[Task details]: Search the lines of the records for the word "Classic", and copy every line that has it.

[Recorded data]
########################################

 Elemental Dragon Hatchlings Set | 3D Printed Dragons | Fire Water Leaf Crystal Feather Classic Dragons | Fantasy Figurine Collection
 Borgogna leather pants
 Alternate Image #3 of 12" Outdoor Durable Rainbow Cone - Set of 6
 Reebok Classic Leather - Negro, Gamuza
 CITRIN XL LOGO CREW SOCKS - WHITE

########################################

[Expected answer]:
 Elemental Dragon Hatchlings Set | 3D Printed Dragons | Fire Water Leaf Crystal Feather Classic Dragons | Fantasy Figurine Collection
 Reebok Classic Leather - Negro, Gamuza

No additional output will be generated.